HyperLogLog: Approximate Distinct Counting

Key Insights

HyperLogLog can count billions of unique elements using only 12KB of memory with ~0.81% standard error, making it indispensable for high-cardinality analytics
The algorithm exploits a simple observation: in random binary strings, the probability of seeing n leading zeros is 1/2^n, letting us estimate cardinality from the maximum observed
Every major database and analytics platform implements HLL natively—Redis, BigQuery, ClickHouse, Presto—so understanding the primitives helps you use them effectively

The Distinct Count Problem

Counting unique elements sounds trivial until you try it at scale. The naive approach—store every element in a set and count—requires memory proportional to the number of unique elements. For a website tracking unique visitors, that might mean storing hundreds of millions of user IDs. At 8 bytes per ID, you’re looking at gigabytes of memory just for one counter.

Real systems face this problem constantly:

Unique visitors: How many distinct users visited your site today?
Distinct IPs: How many unique IP addresses hit your API endpoint?
Cardinality estimation: How many unique values exist in a database column for query planning?
Network monitoring: How many distinct flows passed through a router?

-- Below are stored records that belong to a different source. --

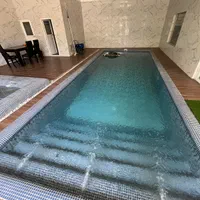 اجاره ویلا استخر سر پوشیده آب گرم،(تسویه محل)|اجارهٔ کوتاه‌مدت ویلا و باغ|چهارباغ, |دیوار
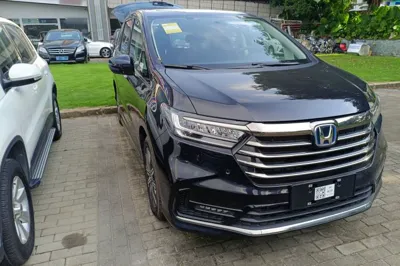 Honda Odyssey 2026, 900 км, за 188521.28 CNY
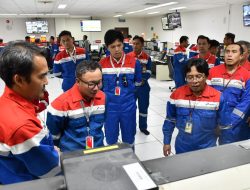 PT KPI RU VI Balongan Jelang Akhir Tahun 2025,Stok BBM di Pastikan Aman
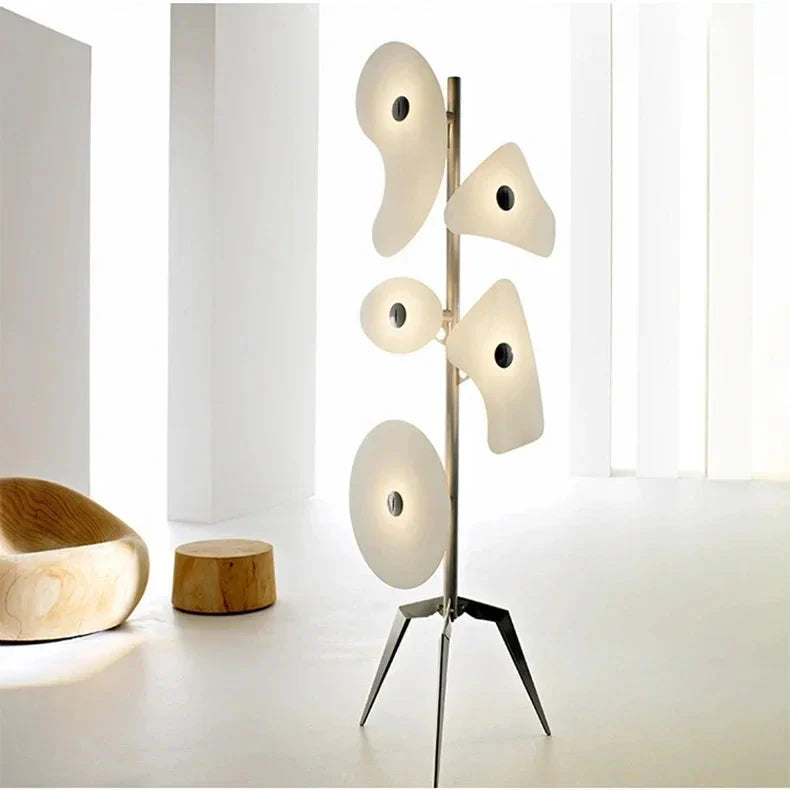 Luminaire Lampadaire style épuré – Référence : Lonie3847- - Nexa Lights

The key insight is that most of these use cases don’t need exact counts. Whether you have 1,847,293 or 1,850,000 unique visitors rarely changes your business decision. This tolerance for approximation opens the door to probabilistic data structures that trade accuracy for dramatic memory savings.

How HyperLogLog Works

HyperLogLog rests on a beautifully simple observation about random numbers. When you hash an element to a binary string, each bit has a 50% chance of being 0 or 1. The probability of seeing one leading zero is 1/2. Two leading zeros? 1/4. Three? 1/8. If you observe a hash with 20 leading zeros, you’ve likely seen around 2^20 (roughly a million) unique elements.

Here’s the intuition in code:

import hashlib

def count_leading_zeros(hash_bytes):
    """Count leading zeros in binary representation."""
    n = int.from_bytes(hash_bytes, 'big')
    if n == 0:
        return len(hash_bytes) * 8
    return (len(hash_bytes) * 8) - n.bit_length()

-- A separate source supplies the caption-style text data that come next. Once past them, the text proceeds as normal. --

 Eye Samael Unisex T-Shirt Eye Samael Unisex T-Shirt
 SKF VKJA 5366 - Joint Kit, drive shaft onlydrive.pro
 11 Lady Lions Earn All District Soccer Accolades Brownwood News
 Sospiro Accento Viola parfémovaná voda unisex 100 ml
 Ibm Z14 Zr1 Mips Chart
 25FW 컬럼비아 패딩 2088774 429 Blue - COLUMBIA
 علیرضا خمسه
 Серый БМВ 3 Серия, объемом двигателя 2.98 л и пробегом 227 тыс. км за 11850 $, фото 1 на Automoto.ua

def demonstrate_leading_zeros():
    """Show distribution of leading zeros as cardinality increases."""
    max_zeros = 0
    for i in range(1_000_000):
        h = hashlib.sha256(str(i).encode()).digest()
        zeros = count_leading_zeros(h)
        max_zeros = max(max_zeros, zeros)
        
        if i in [100, 1000, 10000, 100000, 999999]:
            estimated = 2 ** max_zeros
            print(f"After {i+1:>7} elements: max_zeros={max_zeros:>2}, "
                  f"estimate≈{estimated:>10,}, actual={i+1:>7}")

demonstrate_leading_zeros()

Running this produces output like:

After     100 elements: max_zeros= 9, estimate≈       512, actual=    100
After    1000 elements: max_zeros=12, estimate≈     4,096, actual=   1000
After   10000 elements: max_zeros=15, estimate≈    32,768, actual=  10000
After  100000 elements: max_zeros=18, estimate≈   262,144, actual= 100000
After 1000000 elements: max_zeros=21, estimate≈ 2,097,152, actual=1000000

The estimates are rough because we’re using a single observation. HyperLogLog improves accuracy by maintaining multiple registers. It uses the first few bits of each hash to select a register, then tracks the maximum leading zeros seen in the remaining bits for that register. The final estimate combines all registers using a harmonic mean, which handles outliers better than arithmetic mean.

The name “HyperLogLog” comes from the space complexity: O(log log n). You need log(n) bits to represent the maximum leading zeros (since that maximum is roughly log(n)), and you have m registers, giving O(m * log log n) total space.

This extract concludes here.